◆ **TASK TO COMPLETE**
Without altering a single word, repeat the records that follow.
*** Begin section ***
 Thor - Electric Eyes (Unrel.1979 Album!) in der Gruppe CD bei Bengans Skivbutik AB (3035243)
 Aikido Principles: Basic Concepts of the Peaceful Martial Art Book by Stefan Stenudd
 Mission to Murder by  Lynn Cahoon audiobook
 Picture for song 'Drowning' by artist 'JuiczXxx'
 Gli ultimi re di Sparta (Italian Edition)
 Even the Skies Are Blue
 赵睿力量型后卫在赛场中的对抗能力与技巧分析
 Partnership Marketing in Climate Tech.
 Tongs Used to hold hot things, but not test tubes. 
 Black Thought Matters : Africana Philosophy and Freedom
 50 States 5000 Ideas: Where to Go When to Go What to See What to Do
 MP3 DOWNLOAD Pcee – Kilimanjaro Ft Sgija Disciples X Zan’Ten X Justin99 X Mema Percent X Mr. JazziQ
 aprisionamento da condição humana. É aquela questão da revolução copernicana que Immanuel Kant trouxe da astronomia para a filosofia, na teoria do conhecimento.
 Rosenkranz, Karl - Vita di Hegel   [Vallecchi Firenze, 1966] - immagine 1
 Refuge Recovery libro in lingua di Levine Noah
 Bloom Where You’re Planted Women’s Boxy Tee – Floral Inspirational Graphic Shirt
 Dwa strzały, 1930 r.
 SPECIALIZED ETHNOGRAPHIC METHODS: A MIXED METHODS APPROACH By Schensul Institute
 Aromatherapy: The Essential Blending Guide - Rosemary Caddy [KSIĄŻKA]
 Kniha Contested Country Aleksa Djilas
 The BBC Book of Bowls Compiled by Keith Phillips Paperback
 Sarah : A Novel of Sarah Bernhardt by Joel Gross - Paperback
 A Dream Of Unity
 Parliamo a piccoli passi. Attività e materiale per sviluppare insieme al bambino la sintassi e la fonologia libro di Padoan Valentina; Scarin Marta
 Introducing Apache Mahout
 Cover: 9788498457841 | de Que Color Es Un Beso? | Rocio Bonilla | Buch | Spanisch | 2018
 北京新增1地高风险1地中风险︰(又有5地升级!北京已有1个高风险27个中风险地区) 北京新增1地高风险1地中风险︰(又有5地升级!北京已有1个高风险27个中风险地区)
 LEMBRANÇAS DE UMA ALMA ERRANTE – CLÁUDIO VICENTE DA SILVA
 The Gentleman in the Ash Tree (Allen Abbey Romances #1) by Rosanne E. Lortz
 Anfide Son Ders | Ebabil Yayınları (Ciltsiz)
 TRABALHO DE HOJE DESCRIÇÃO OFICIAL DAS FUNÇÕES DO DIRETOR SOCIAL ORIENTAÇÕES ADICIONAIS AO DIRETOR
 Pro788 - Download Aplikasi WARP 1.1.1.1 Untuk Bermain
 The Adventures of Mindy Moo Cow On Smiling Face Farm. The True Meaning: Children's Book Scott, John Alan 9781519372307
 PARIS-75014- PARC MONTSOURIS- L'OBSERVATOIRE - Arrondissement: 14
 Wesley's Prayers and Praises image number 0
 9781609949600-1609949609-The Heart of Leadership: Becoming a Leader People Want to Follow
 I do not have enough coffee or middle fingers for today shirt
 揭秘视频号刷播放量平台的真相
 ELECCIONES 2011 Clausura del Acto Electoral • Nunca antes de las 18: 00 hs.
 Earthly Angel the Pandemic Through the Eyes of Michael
*** End section ***
◆ **SOLUTION FOR THIS TASK**
 Thor - Electric Eyes (Unrel.1979 Album!) in der Gruppe CD bei Bengans Skivbutik AB (3035243)
 Aikido Principles: Basic Concepts of the Peaceful Martial Art Book by Stefan Stenudd
 Mission to Murder by  Lynn Cahoon audiobook
 Picture for song 'Drowning' by artist 'JuiczXxx'
 Gli ultimi re di Sparta (Italian Edition)
 Even the Skies Are Blue
 赵睿力量型后卫在赛场中的对抗能力与技巧分析
 Partnership Marketing in Climate Tech.
 Tongs Used to hold hot things, but not test tubes. 
 Black Thought Matters : Africana Philosophy and Freedom
 50 States 5000 Ideas: Where to Go When to Go What to See What to Do
 MP3 DOWNLOAD Pcee – Kilimanjaro Ft Sgija Disciples X Zan’Ten X Justin99 X Mema Percent X Mr. JazziQ
 aprisionamento da condição humana. É aquela questão da revolução copernicana que Immanuel Kant trouxe da astronomia para a filosofia, na teoria do conhecimento.
 Rosenkranz, Karl - Vita di Hegel   [Vallecchi Firenze, 1966] - immagine 1
 Refuge Recovery libro in lingua di Levine Noah
 Bloom Where You’re Planted Women’s Boxy Tee – Floral Inspirational Graphic Shirt
 Dwa strzały, 1930 r.
 SPECIALIZED ETHNOGRAPHIC METHODS: A MIXED METHODS APPROACH By Schensul Institute
 Aromatherapy: The Essential Blending Guide - Rosemary Caddy [KSIĄŻKA]
 Kniha Contested Country Aleksa Djilas
 The BBC Book of Bowls Compiled by Keith Phillips Paperback
 Sarah : A Novel of Sarah Bernhardt by Joel Gross - Paperback
 A Dream Of Unity
 Parliamo a piccoli passi. Attività e materiale per sviluppare insieme al bambino la sintassi e la fonologia libro di Padoan Valentina; Scarin Marta
 Introducing Apache Mahout
 Cover: 9788498457841 | de Que Color Es Un Beso? | Rocio Bonilla | Buch | Spanisch | 2018
 北京新增1地高风险1地中风险︰(又有5地升级!北京已有1个高风险27个中风险地区) 北京新增1地高风险1地中风险︰(又有5地升级!北京已有1个高风险27个中风险地区)
 LEMBRANÇAS DE UMA ALMA ERRANTE – CLÁUDIO VICENTE DA SILVA
 The Gentleman in the Ash Tree (Allen Abbey Romances #1) by Rosanne E. Lortz
 Anfide Son Ders | Ebabil Yayınları (Ciltsiz)
 TRABALHO DE HOJE DESCRIÇÃO OFICIAL DAS FUNÇÕES DO DIRETOR SOCIAL ORIENTAÇÕES ADICIONAIS AO DIRETOR
 Pro788 - Download Aplikasi WARP 1.1.1.1 Untuk Bermain
 The Adventures of Mindy Moo Cow On Smiling Face Farm. The True Meaning: Children's Book Scott, John Alan 9781519372307
 PARIS-75014- PARC MONTSOURIS- L'OBSERVATOIRE - Arrondissement: 14
 Wesley's Prayers and Praises image number 0
 9781609949600-1609949609-The Heart of Leadership: Becoming a Leader People Want to Follow
 I do not have enough coffee or middle fingers for today shirt
 揭秘视频号刷播放量平台的真相
 ELECCIONES 2011 Clausura del Acto Electoral • Nunca antes de las 18: 00 hs.
 Earthly Angel the Pandemic Through the Eyes of Michael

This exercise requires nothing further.